# Water seperator light 08 f250,6.3



## El Carnicero (Aug 27, 2009)

Got the drain water seperator light for the first time today. Had the truck for a little over 2 years, never done this task. Any tips? Location.?


----------



## carryyourbooks (Feb 13, 2009)

call my brother, sammy, 281-755-7692. he can advise if needed. he works for ford as a master mechanic.


----------



## bwguardian (Aug 30, 2005)

I think those 08 6.4L diesels have a fuel - water seperator mounted to the frame rail under the drivers seat. There will be a screw stop on the bottom you loosen to drain the water till you get clean diesel. You should do this every 5,000 miles.


----------



## BU Fisher (Jul 20, 2009)

*I had this issue*

I had this issue in my F250 and I drained the seperator a number of times. It is mounted along the frame under the drivers door. The light never went off. I took it in and the sensor in the gas tank was bad and had to be replaced.

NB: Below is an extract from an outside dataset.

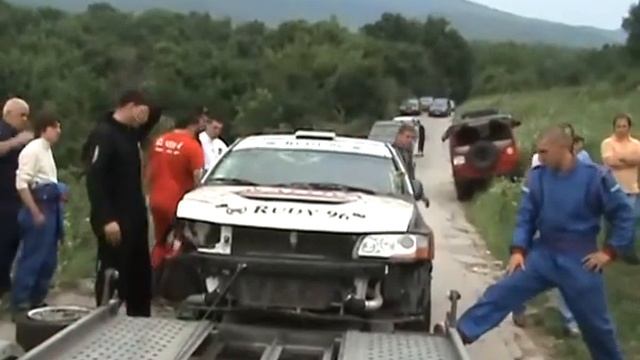 Rally Hebros 2008 - Plamen Staykov's crash at SS5 Brestovitsa 1 смотреть онлайн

You can empty the seperator yourself. It is simple.


----------



## FRAYEDKNOT (Dec 30, 2004)

bwguardian said:


> I think those 08 6.4L diesels have a fuel - water seperator mounted to the frame rail under the drivers seat. There will be a screw stop on the bottom you loosen to drain the water till you get clean diesel. You should do this every 5,000 miles.


That is correct. Drain mine every 6 months or so.


----------



## DSL_PWR (Jul 22, 2009)

You ever figure this out? I suppose you never read the manual on the truck/motor? Suppose to do this regularly. Since Reliance Ford is gone, let me know if you need help, I am in the area.


----------



## fishinfool (Jun 30, 2004)

on the fuel filter housing (black cap on end) it sits horizontal with the frame rail just under driver door. look at there is a little yellow handle that will turn toward the engine area. there is a small yellow nipple that sticks out of the bottom of the housing. i use a dry ozarka bottle or something to catch the diesel that comes out. other wise it runs everywere. you should do this as mentioned every month or two. dont wait for the light to come on. on the 08 the sensor that tells you to drain the water is in the fuel water seperator housing. non the less its a very simple task. when i get my oil changed they empty every time plus i do it on a regular basis. you should be changing your fuel filters every 10k miles as well. i would imagine you get more than 10k miles in two years, but you never know. these engines take a little tlc from what i can tell. have almost 80000 miles on my 08.


----------



## El Carnicero (Aug 27, 2009)

DSL_PWR said:


> You ever figure this out? I suppose you never read the manual on the truck/motor? Suppose to do this regularly. Since Reliance Ford is gone, let me know if you need help, I am in the area.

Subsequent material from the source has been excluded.